EXERCISE OBJECTIVE: Every record below is to be restated word for word, and no picture is to be copied.

SUPPLIED RECORDS:
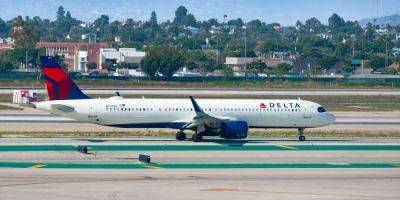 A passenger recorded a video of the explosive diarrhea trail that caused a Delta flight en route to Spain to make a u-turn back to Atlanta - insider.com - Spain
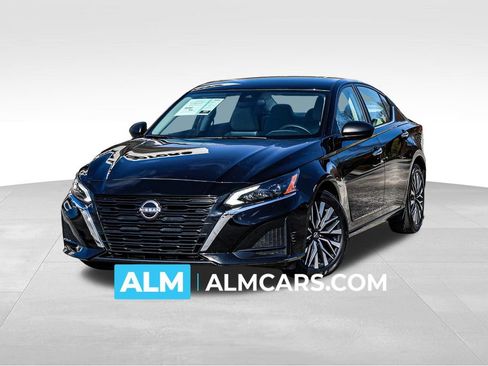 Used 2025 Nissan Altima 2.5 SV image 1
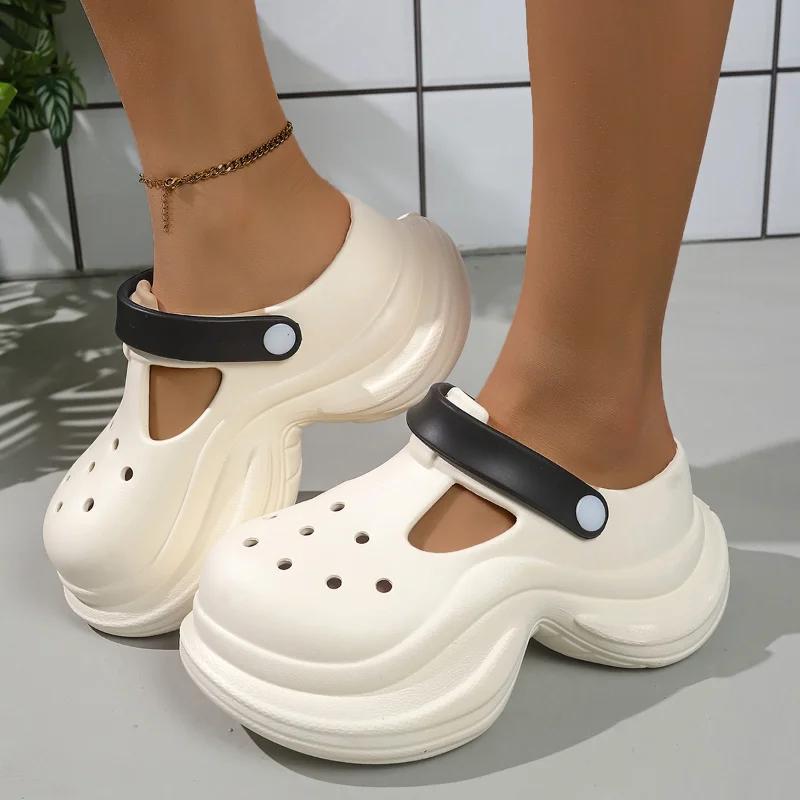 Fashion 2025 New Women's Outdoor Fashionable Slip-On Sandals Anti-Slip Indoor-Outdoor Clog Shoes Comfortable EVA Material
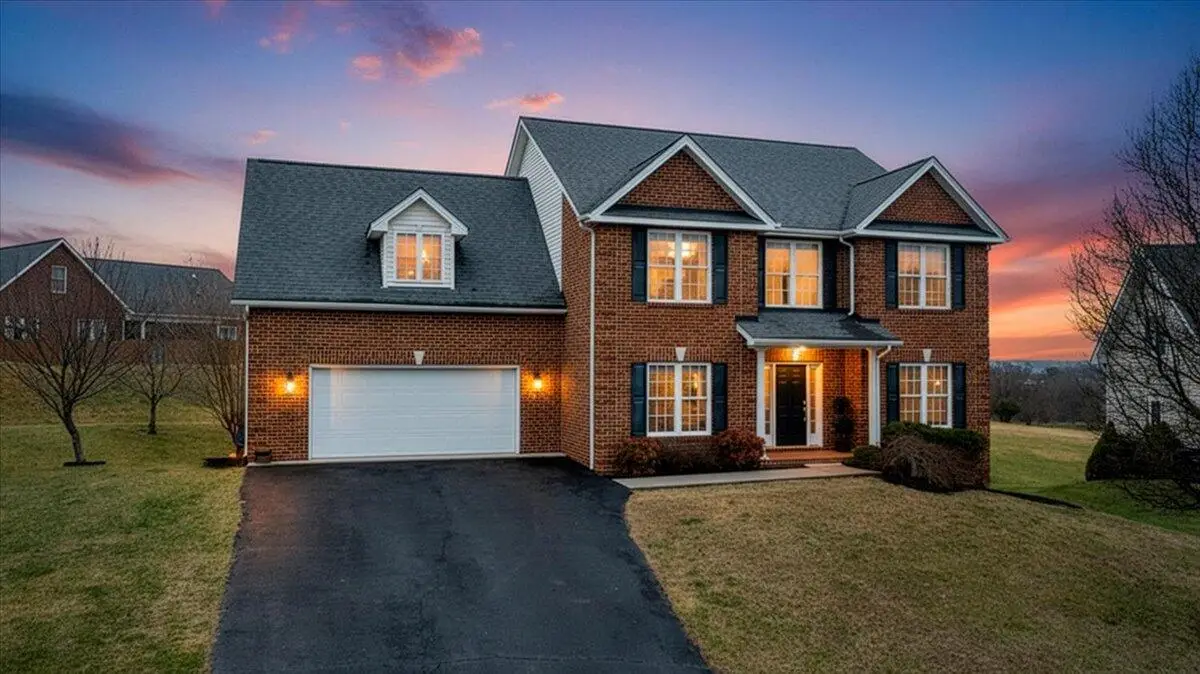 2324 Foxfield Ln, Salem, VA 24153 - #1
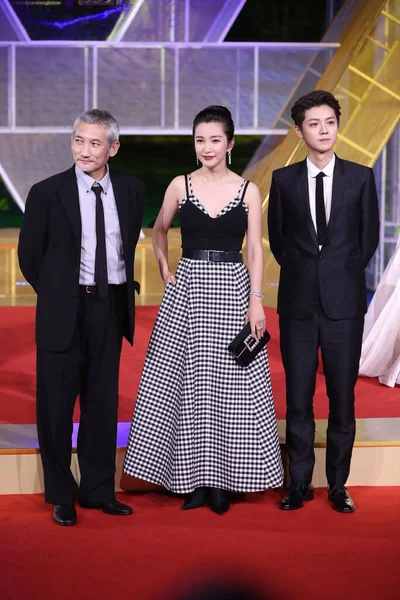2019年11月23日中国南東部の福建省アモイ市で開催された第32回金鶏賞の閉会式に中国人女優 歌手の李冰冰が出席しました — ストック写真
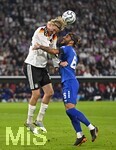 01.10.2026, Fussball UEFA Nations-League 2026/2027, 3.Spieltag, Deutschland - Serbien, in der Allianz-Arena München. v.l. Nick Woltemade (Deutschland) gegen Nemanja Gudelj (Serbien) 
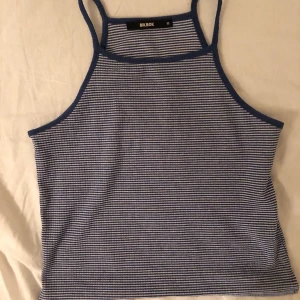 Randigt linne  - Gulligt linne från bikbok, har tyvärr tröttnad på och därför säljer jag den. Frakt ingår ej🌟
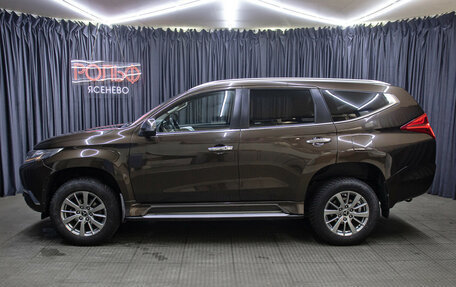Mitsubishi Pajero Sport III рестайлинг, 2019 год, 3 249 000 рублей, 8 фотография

WRITTEN REPLY:
 A passenger recorded a video of the explosive diarrhea trail that caused a Delta flight en route to Spain to make a u-turn back to Atlanta - insider.com - Spain
 Used 2025 Nissan Altima 2.5 SV image 1
 Fashion 2025 New Women's Outdoor Fashionable Slip-On Sandals Anti-Slip Indoor-Outdoor Clog Shoes Comfortable EVA Material
 2324 Foxfield Ln, Salem, VA 24153 - #1
2019年11月23日中国南東部の福建省アモイ市で開催された第32回金鶏賞の閉会式に中国人女優 歌手の李冰冰が出席しました — ストック写真
 01.10.2026, Fussball UEFA Nations-League 2026/2027, 3.Spieltag, Deutschland - Serbien, in der Allianz-Arena München. v.l. Nick Woltemade (Deutschland) gegen Nemanja Gudelj (Serbien) 
 Randigt linne  - Gulligt linne från bikbok, har tyvärr tröttnad på och därför säljer jag den. Frakt ingår ej🌟
Mitsubishi Pajero Sport III рестайлинг, 2019 год, 3 249 000 рублей, 8 фотография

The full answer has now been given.